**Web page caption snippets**
● ● ● ● ●

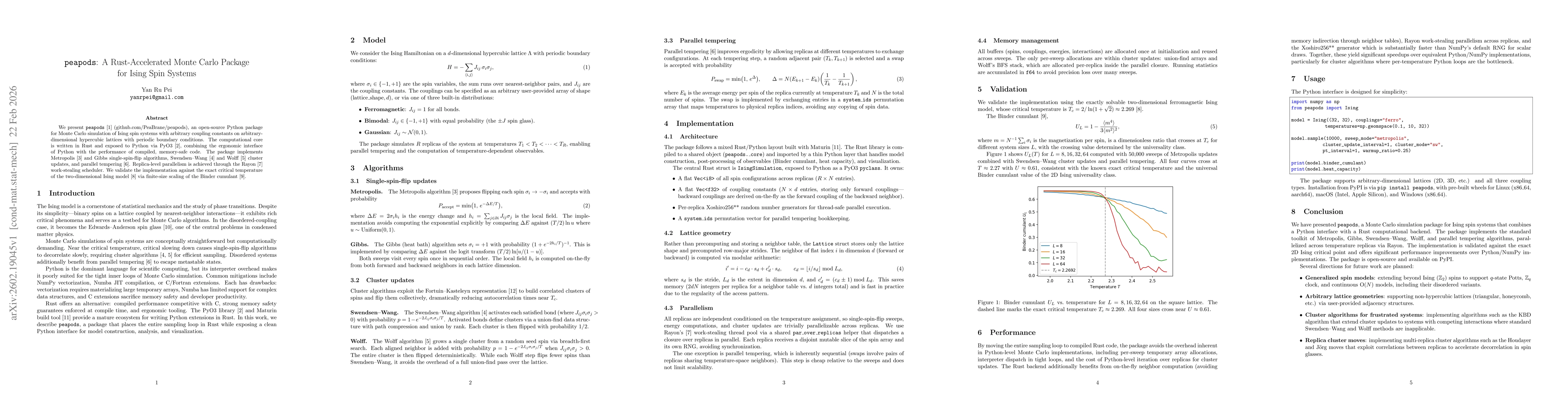 Thumbnail for peapods: A Rust-Accelerated Monte Carlo Package for Ising Spin Systems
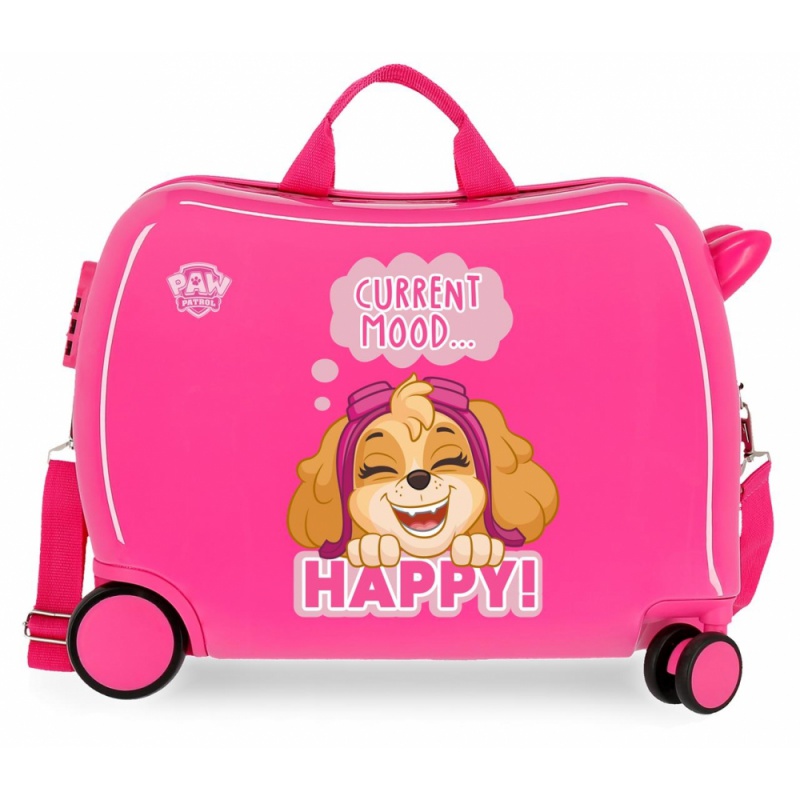 JOUMMA BAGS - Dětský cestovní kufr na kolečkách / odrážedlo PAW PATROL Pink, 38L, 2199823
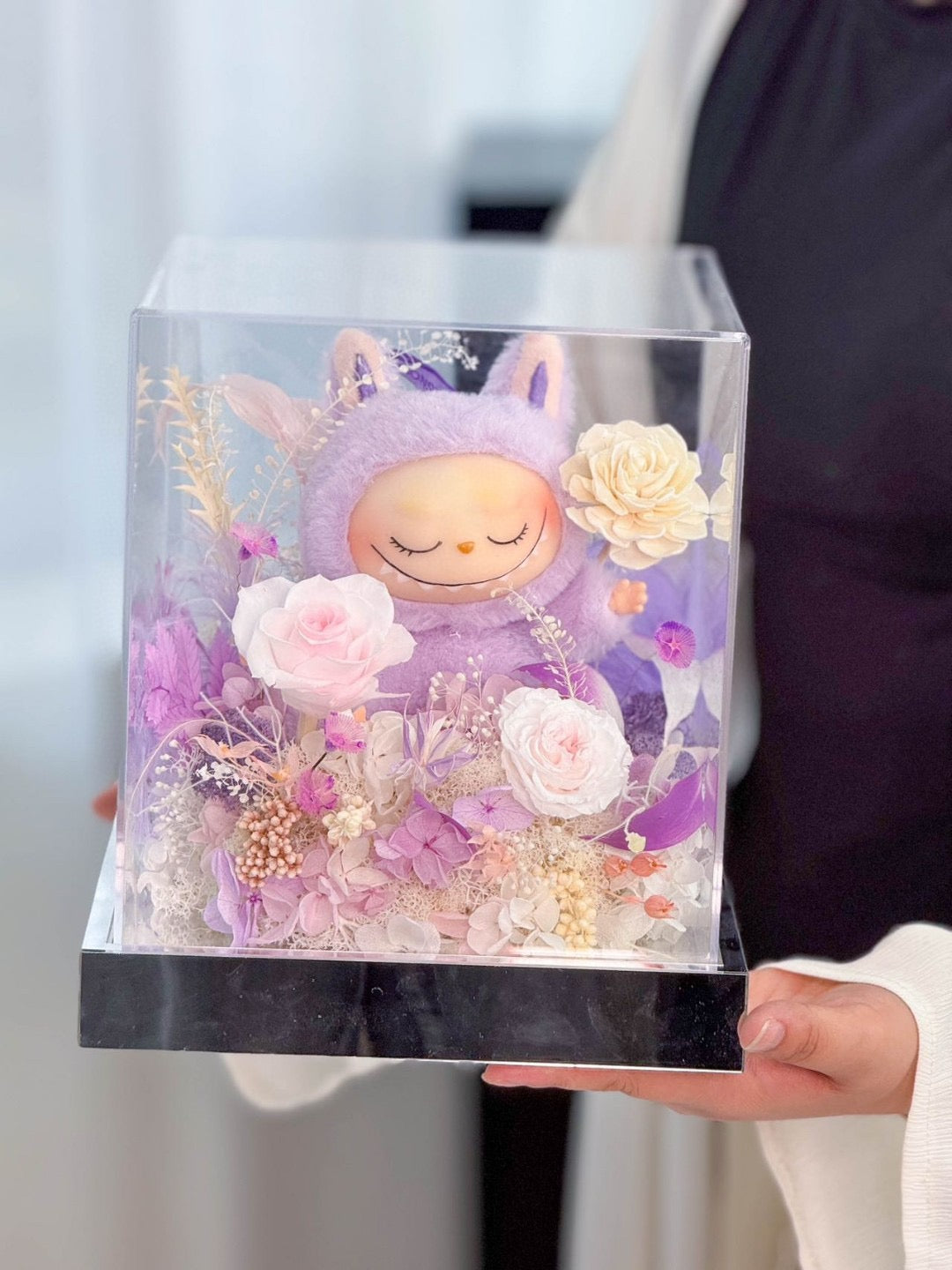 Preserved Flower Acrylic Box with Doll (Inspired by Labubu Style)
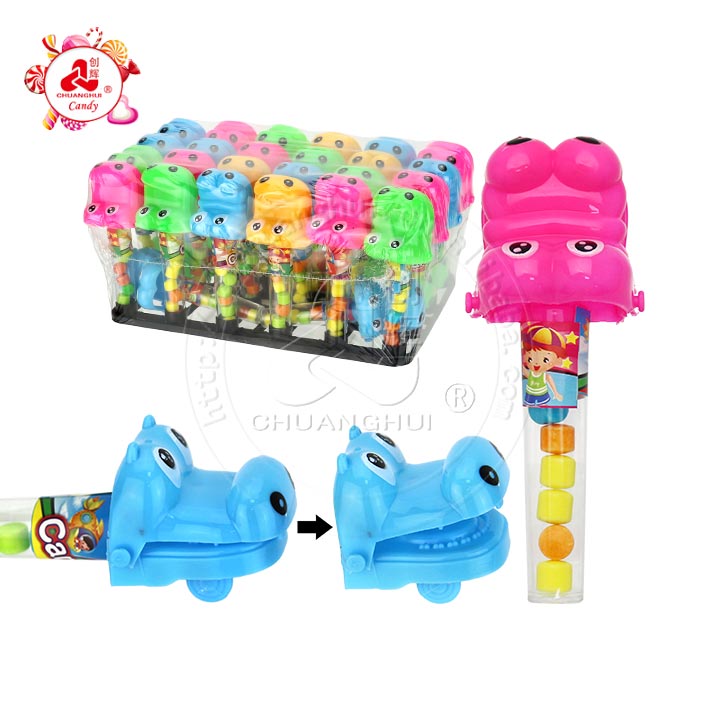 Cartoon Sliding crocodile head shape handcart toy candy CH-T1432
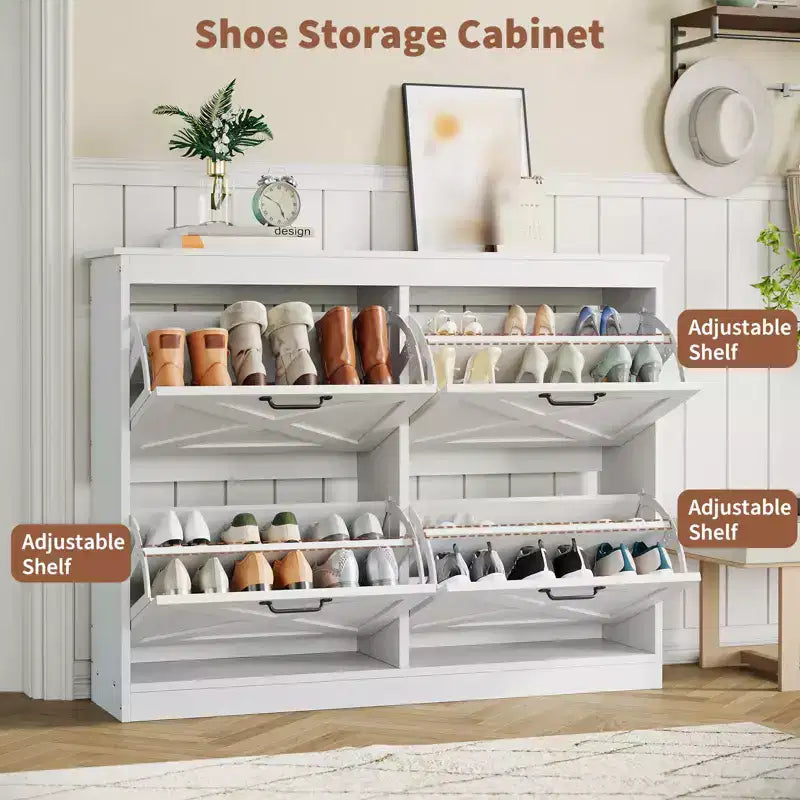 Shoe Storage Cabinet with 4 Flip Drawers, Freestanding Hidden Shoe Organizer, Wooden Shoe Rack Cabinet for Hallway Living Room Apartment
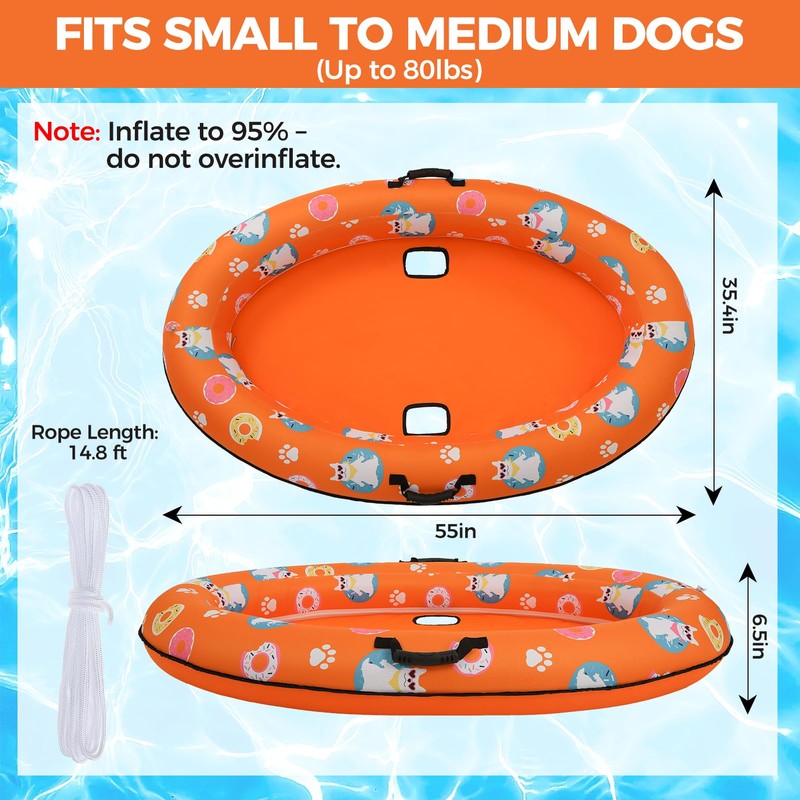 PAWCHIE Inflatable Dogs Pool Float with Rope - Inflatable Rafts,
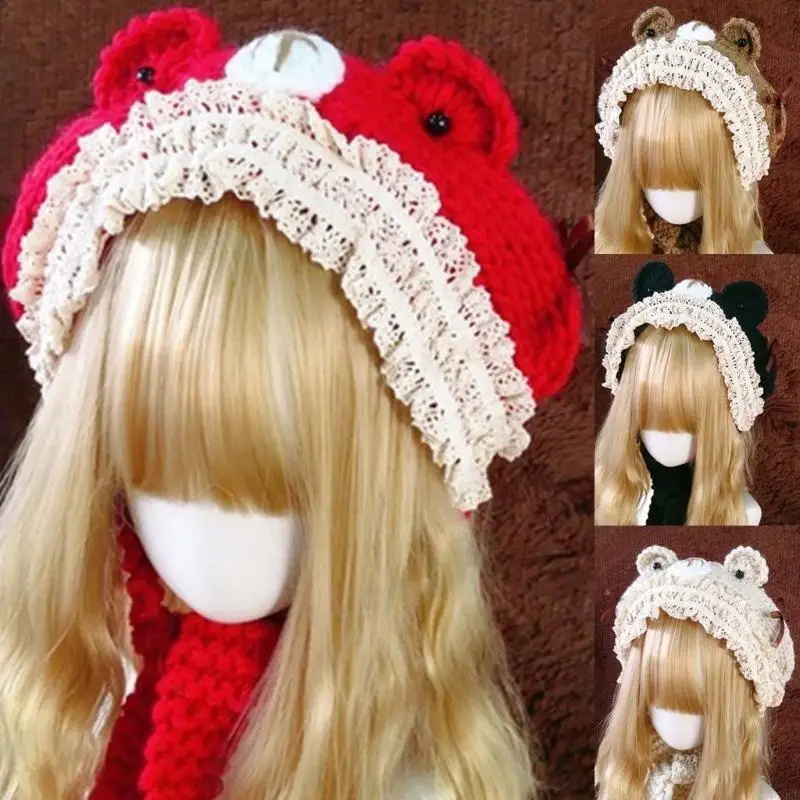 قبعات الأطفال الدافئة متماسكة قبعة صغيرة آذان لطيف محبوك قبعات الفتيات الشتاء أغطية الرأس #5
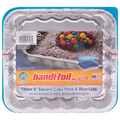 Handi-Foil FunColors Square Cake Pans & Blue Lids 8 Inch
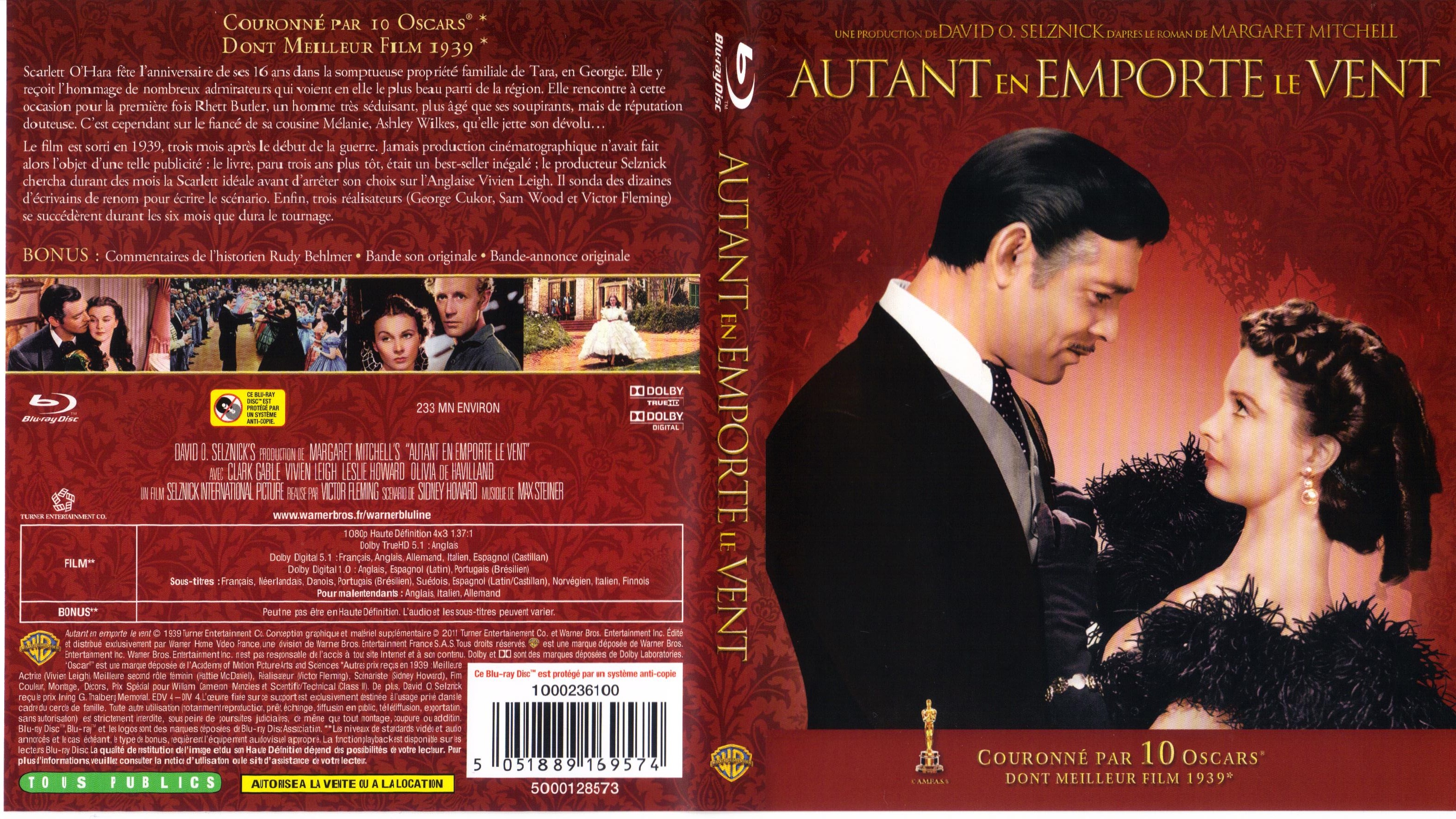 Jaquette DVD de Autant en emporte le vent (BLU-RAY) - Cinéma Passion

● ● ● ● ●

**About this exercise**
Beginning with the line above that contains "JOUMMA BAGS - Dětský" and ending with the line that contains "قبعات الأطفال الدافئة", quote each line exactly, keeping out the pictures.

**Problem solution**
 JOUMMA BAGS - Dětský cestovní kufr na kolečkách / odrážedlo PAW PATROL Pink, 38L, 2199823
 Preserved Flower Acrylic Box with Doll (Inspired by Labubu Style)
 Cartoon Sliding crocodile head shape handcart toy candy CH-T1432
 Shoe Storage Cabinet with 4 Flip Drawers, Freestanding Hidden Shoe Organizer, Wooden Shoe Rack Cabinet for Hallway Living Room Apartment
 PAWCHIE Inflatable Dogs Pool Float with Rope - Inflatable Rafts,
 قبعات الأطفال الدافئة متماسكة قبعة صغيرة آذان لطيف محبوك قبعات الفتيات الشتاء أغطية الرأس #5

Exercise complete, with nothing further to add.